• **DATASET EXCERPT**:
>>>
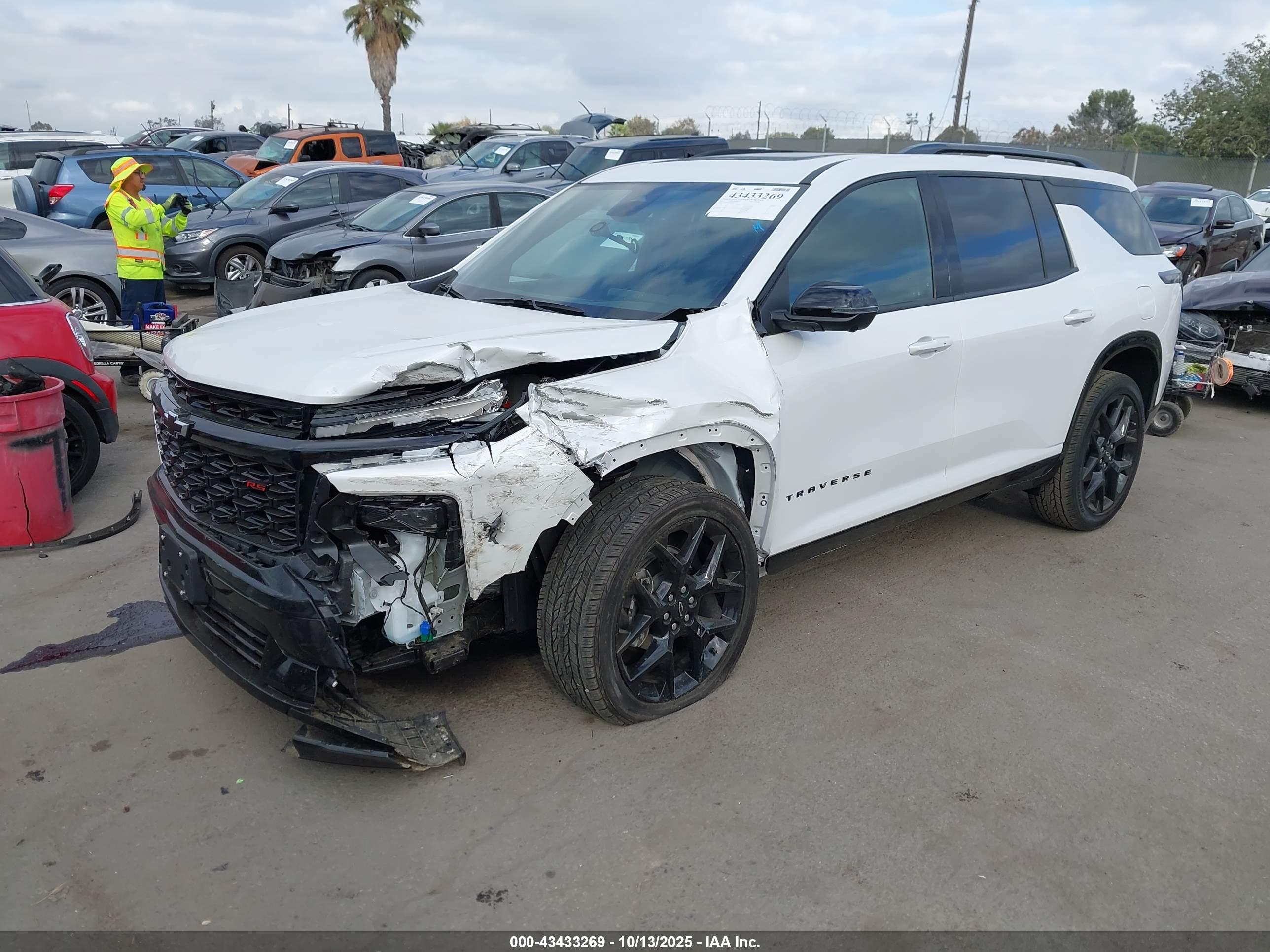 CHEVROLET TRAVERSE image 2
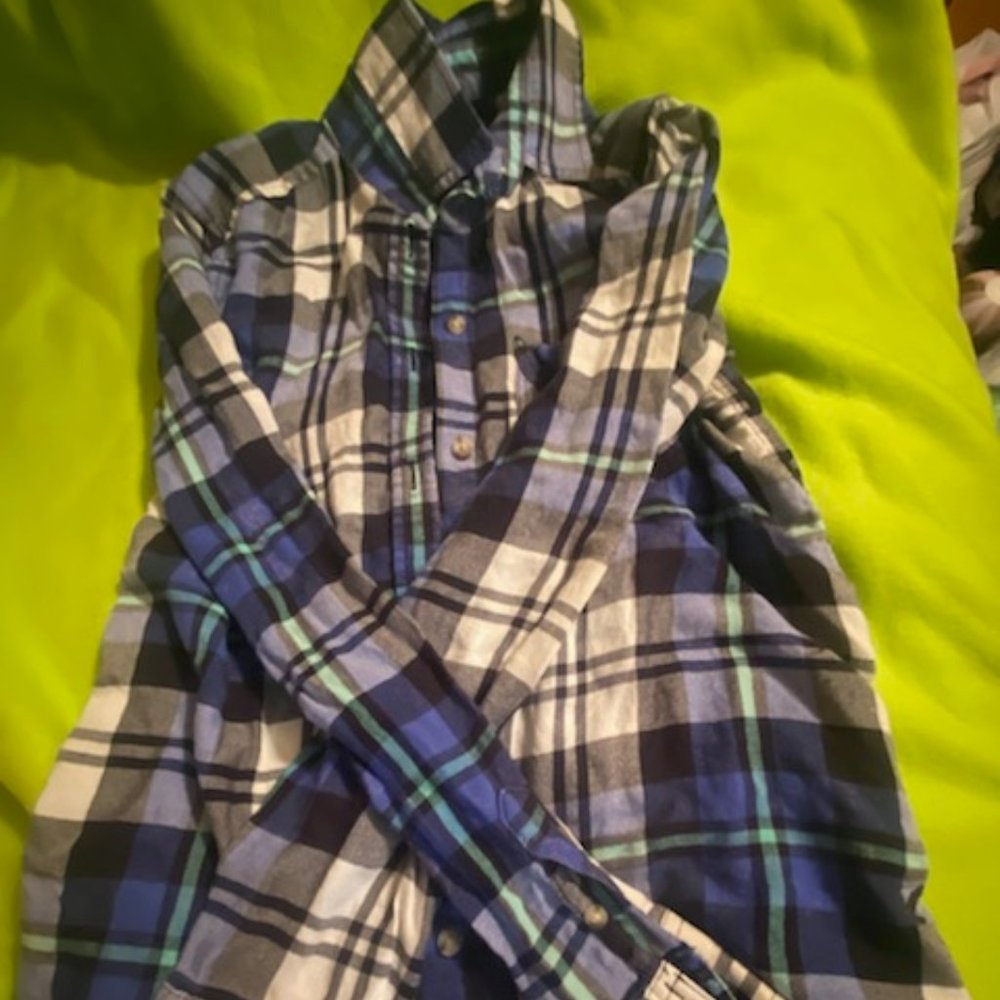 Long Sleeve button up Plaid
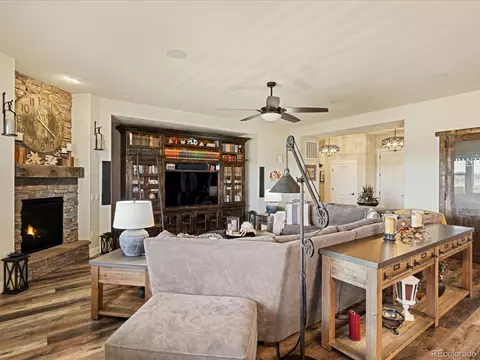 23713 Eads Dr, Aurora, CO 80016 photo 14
<<<
• **PROMPT**:
When an image appears in the data, skip it and output the rest exactly.

• **ANSWER TO THIS PROBLEM**:
 CHEVROLET TRAVERSE image 2
 Long Sleeve button up Plaid
 23713 Eads Dr, Aurora, CO 80016 photo 14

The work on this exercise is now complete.